▸ Exercise aim:
With the pictures omitted, print exactly the lines below, from the one containing "Vintage Vera Bradley Wallet" through the one containing "Slow Cooker Dal Makhani Recipe Slow", and nothing else.

▸ Material supplied:
========================

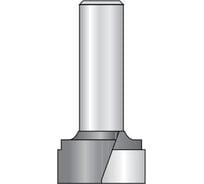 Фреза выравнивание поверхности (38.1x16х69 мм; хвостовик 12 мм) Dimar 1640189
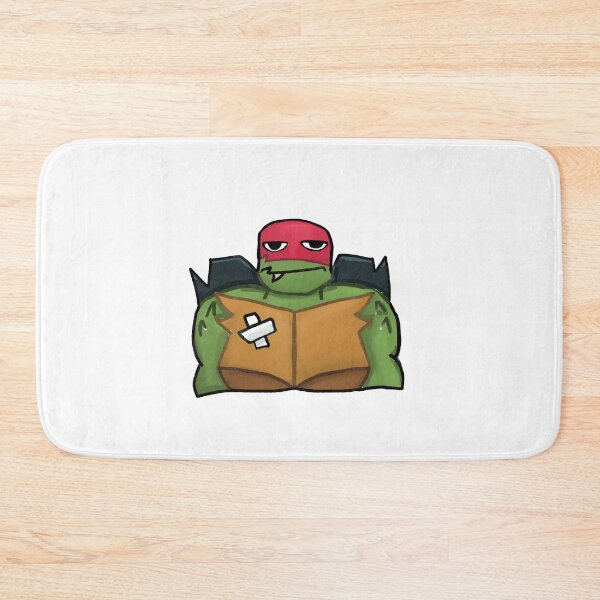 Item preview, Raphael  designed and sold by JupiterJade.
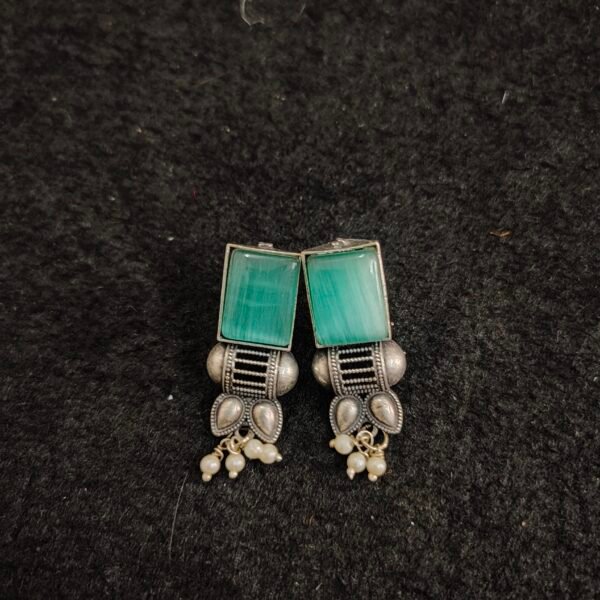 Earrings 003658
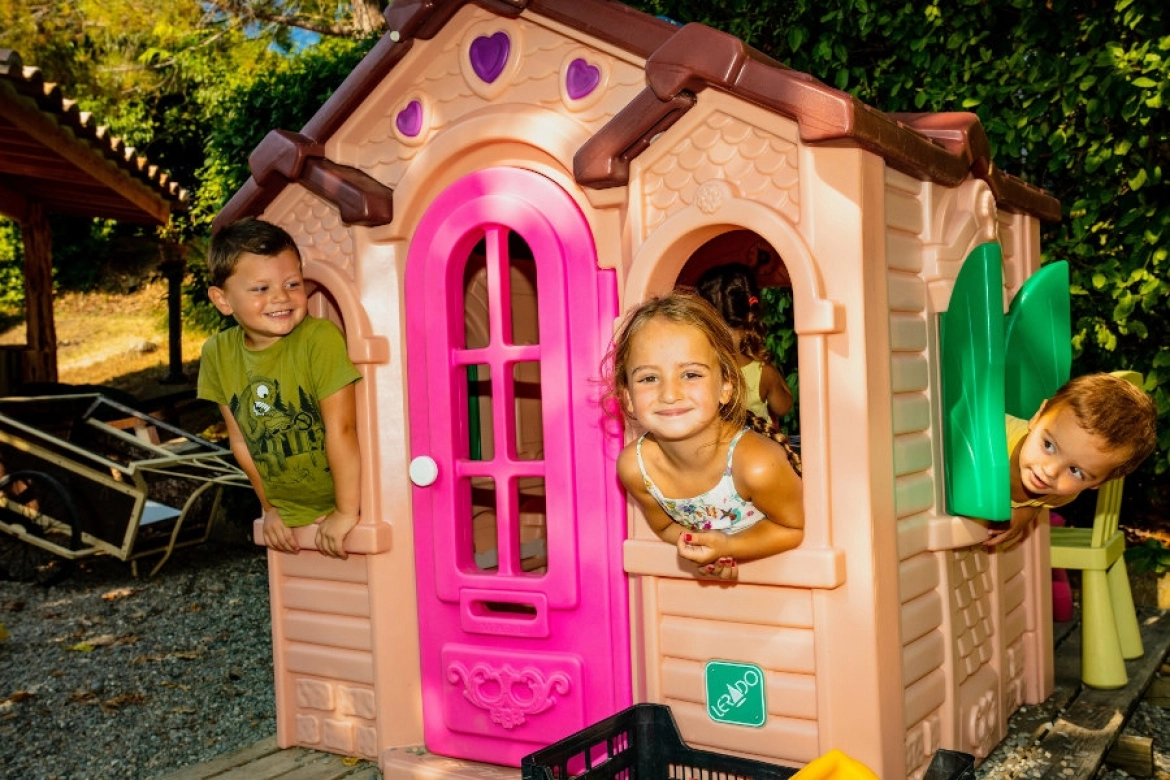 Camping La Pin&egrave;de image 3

========================

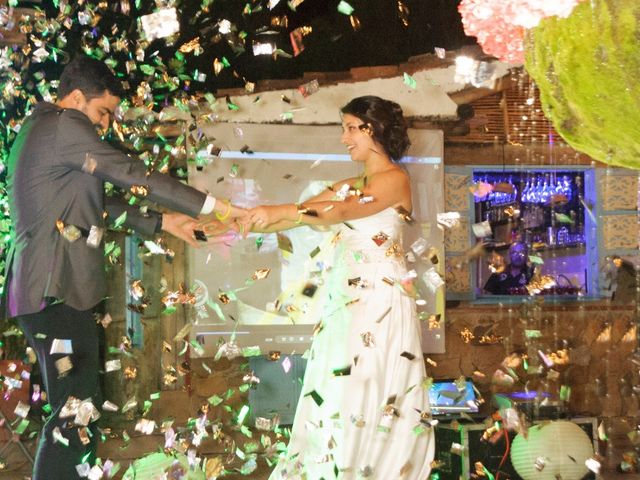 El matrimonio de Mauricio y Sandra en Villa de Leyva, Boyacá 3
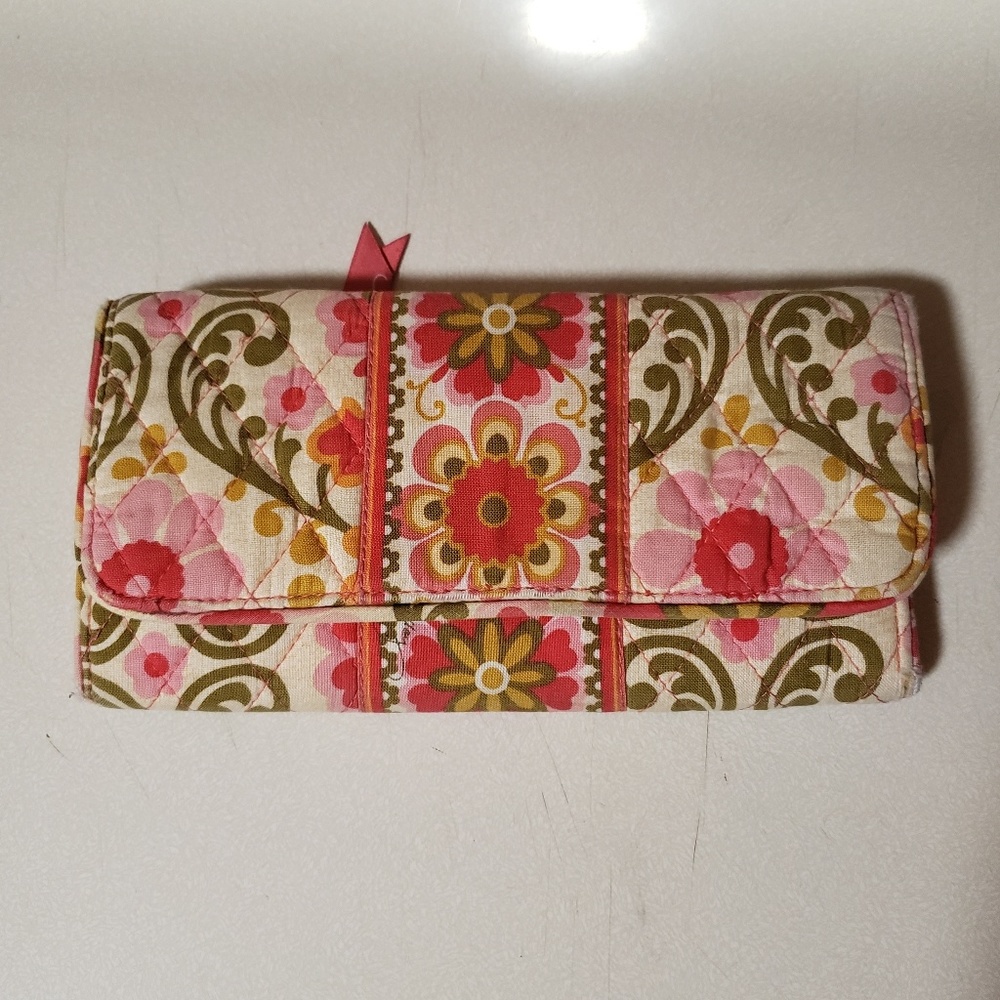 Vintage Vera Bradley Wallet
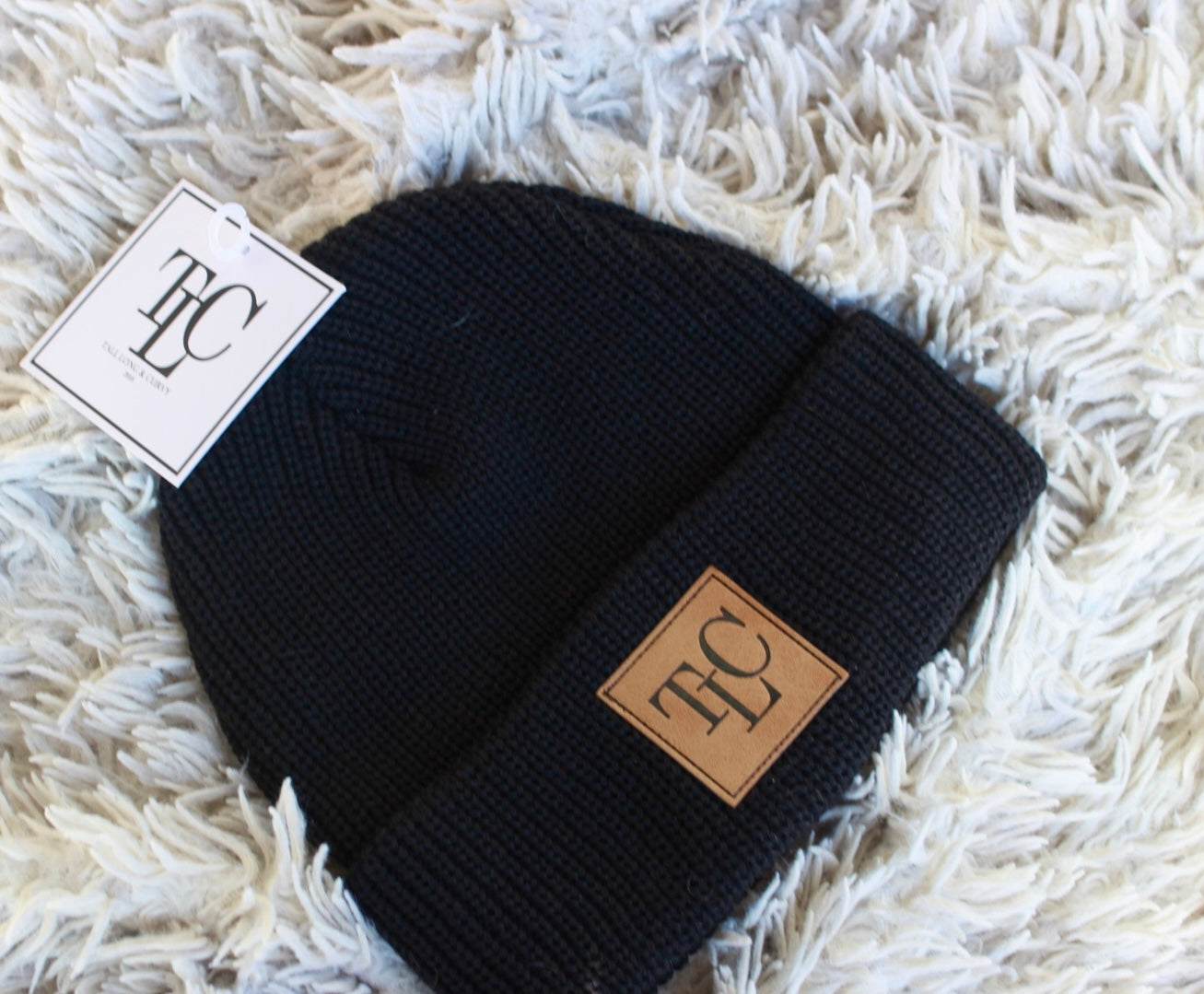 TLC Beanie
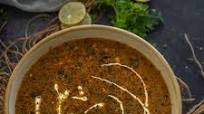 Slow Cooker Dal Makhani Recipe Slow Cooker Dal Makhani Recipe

========================

▸ Answer to this task:
 Vintage Vera Bradley Wallet
 TLC Beanie
 Slow Cooker Dal Makhani Recipe Slow Cooker Dal Makhani Recipe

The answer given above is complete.